New Stability Concept for Primary Controlled Variable Speed Wind Turbines Considering Wind Fluctuations and Power Smoothing

With a further expansion of the wind energy sector, wind turbines (WTs) have an increasing impact on grid stability. Requirements for a grid connection are adapted continuously, especially for frequency support and the fault ride through (FRT) behavior of WTs. Besides the objectives of robust operational stability and maximum energy yield, a smooth of active power is also of interest to reach efficient load to generation balancing of the grid. With stochastic wind fluctuations, power smoothing methods gain importance, but in combination with primary power control, operation points (OPs) with the risk of operational instability occur. In these OPs with speeds below the maximum power point (MPP), a deceleration of the drive train to standstill is possible. While, so far, to ensure a stable operation especially variable droop is preferred for a WT with power controlled generator, a method to guarantee stability on conventional controller principles with constant droop is missing.

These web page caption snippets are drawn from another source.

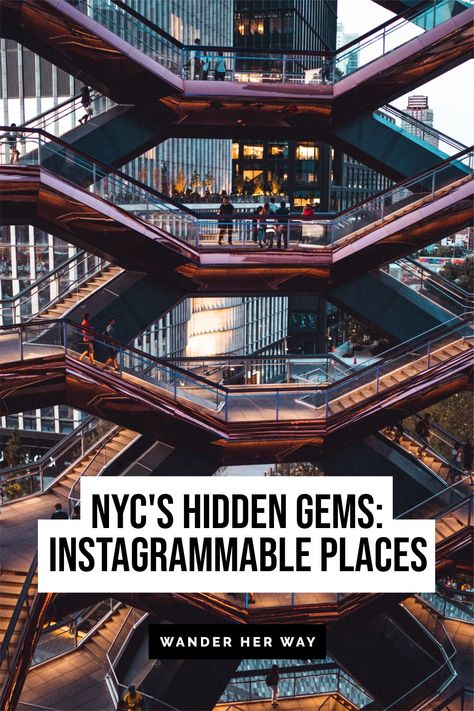 Explore the hidden gems of NYC and elevate your Instagram game with this guide to the 35 most Instagrammable places in the city. From colorful street art in Bushwick to charming cafes in Greenwich Village, discover unique spots that will make your feed stand out. With our helpful map, you'll have no trouble finding these picture-perfect locations. Uncover the beauty of New York City, one Instagram shot at a time. #NYC #HiddenGems #InstagrammablePlaces #PicturePerfect #NewYorkCity Nyc Instagram Spots, New York Hidden Places, New York Instagram Spots, Most Instagrammable Places In Nyc, Best Places To Take Pictures In Nyc, New York City Hidden Gems, New York Hidden Gems, Union Square Nyc, New York Instagram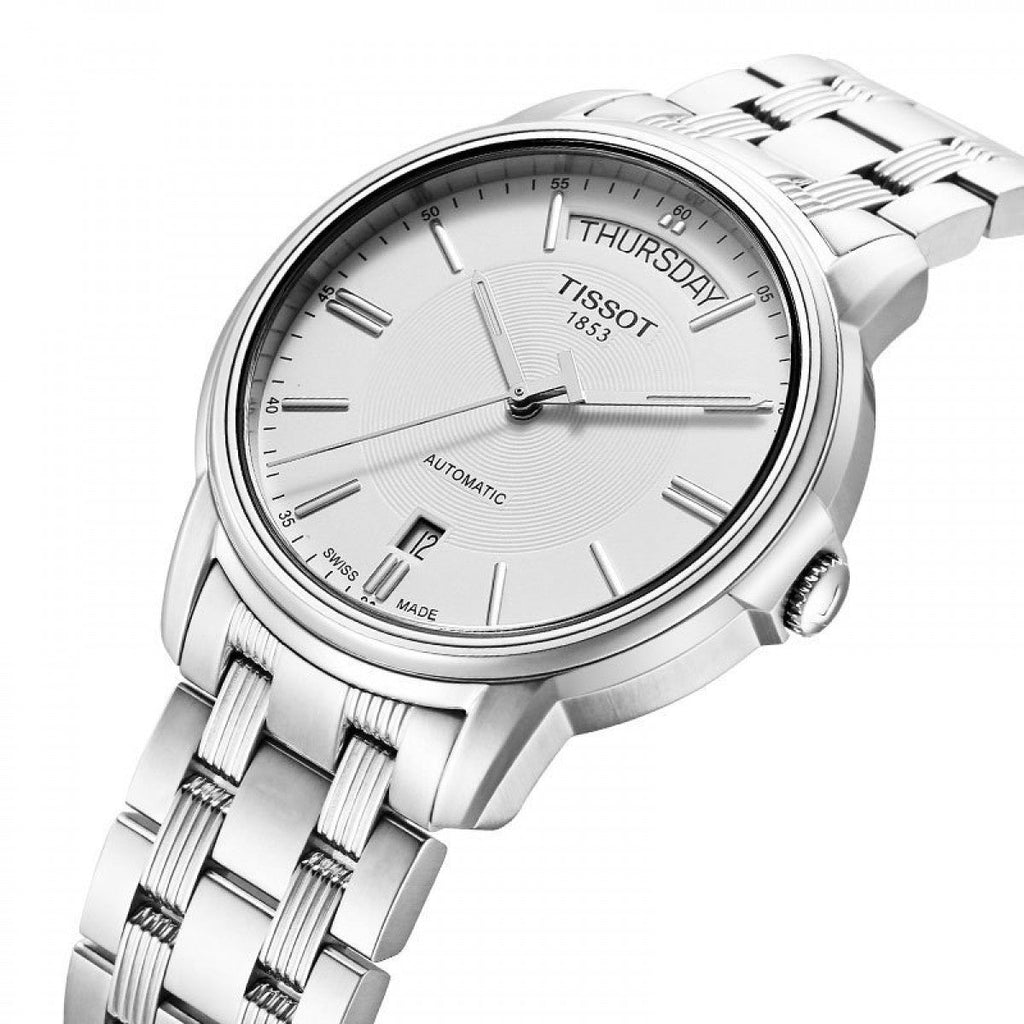 Tissot T Classic Automatic III Day Date White Dial Silver Steel Strap Watch for Men - T065.930.11.031.00 Buy Now By Tissot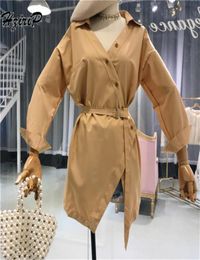 HZIRIP 2018 Femme Trench Coat Printemps Autumn Single Breasted Long manteau avec une courroie Solide pour les femmes Casaco Feminino6114073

Therefore, in this article, a control structure with power smoothing, constant droop, and a stabilizing limitation called MPP-limiter is presented, which ensure robust operational stability of the WT without requirements for additional safety margins. Therewith, the provision of the full primary control power is passible. Based on theoretical investigations, parameter studies, individual scenarios, and test bench results, the demand for the MPP-limiter from a stability perspective is shown. Advantages of the power smoothing and its effect on the energy yield are explained, like an increase of 6 % of total energy in the transition range between partial and full load.